Today, the tunnels house the museum’s heat and hot water pipes, making up a dark, humid maze of drips and decades-old graffiti—although the war-era hoists and ammunition storage areas do remain, rusted though they may be, as a testament to the site’s past military history. Long before there was a museum or even a university on the site, the land was home to the Coast Salish and Musqueam people, and saw use by other nations, including the Squamish and the Tsleil-Waututh, for thousands of years. Taken over by the British in the 1860s as an admiralty reserve, it became part of B.C.’s coastal defence effort starting in the First World War, and by the late 1930s, the Point Grey Battery was constructed as a more permanent solution to stave off an Axis invasion (as far-fetched as that might sound, the bombing of Pearl Harbour was still fresh in the minds of most Vancouverites, and Japanese submarines had already fired on several locations along the West Coast, including Estevan Point on Vancouver Island). The fort saw little action during the war, save for a recruit who was accidentally shot in the Guard Shed, and an Allied ship that was sunk on its way into the harbour, also by accident.

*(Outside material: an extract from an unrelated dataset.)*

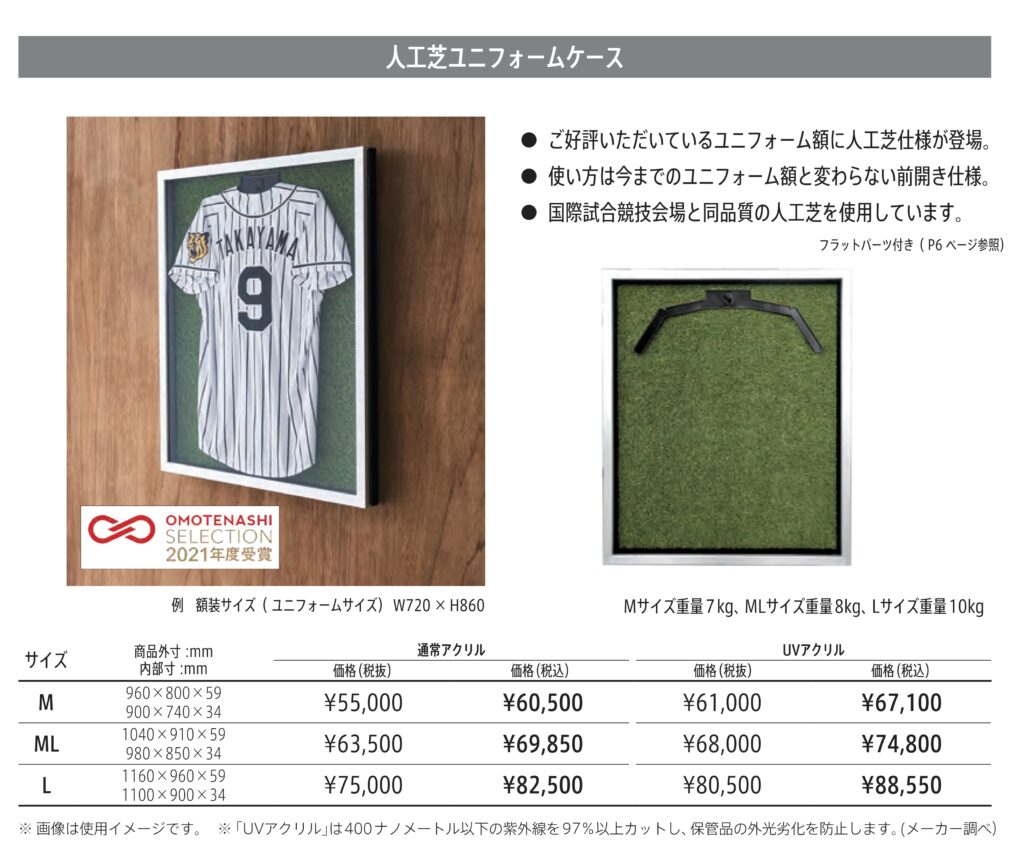 ユニフォーム額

Ultimately, the battery trained troops until 1948, when the facilities were decommissioned and the guns removed. For decades, the area was mostly abandoned—except for student parties in the tunnels—and when the museum was being planned in the 1970s, some effort was made to remove what remained of the fort, until UBC professor and war historian Peter Moogk helped convince the university to keep the gun emplacements intact. In fact, one of the emplacements was integrated into Reid’s Raven and the First Men, as a way of uncovering the area’s (literally) buried past.
And in keeping with that theme, the Museum of Anthropology has taken great pains in recent years to digitize virtually every item in its entire collection, ensuring that its commitment to tastefully showcasing the visible (and the hidden) can continue into tomorrow. “In terms of accessibility, this museum is committed to working with technology to make our collections be as visually and digitally accessible as possible,” Duffek says. “We want there to be all these different ways to get access to objects that have been, for all intents and purposes, hidden from the general public, and especially from a lot of Indigenous people from whose communities they may have come.”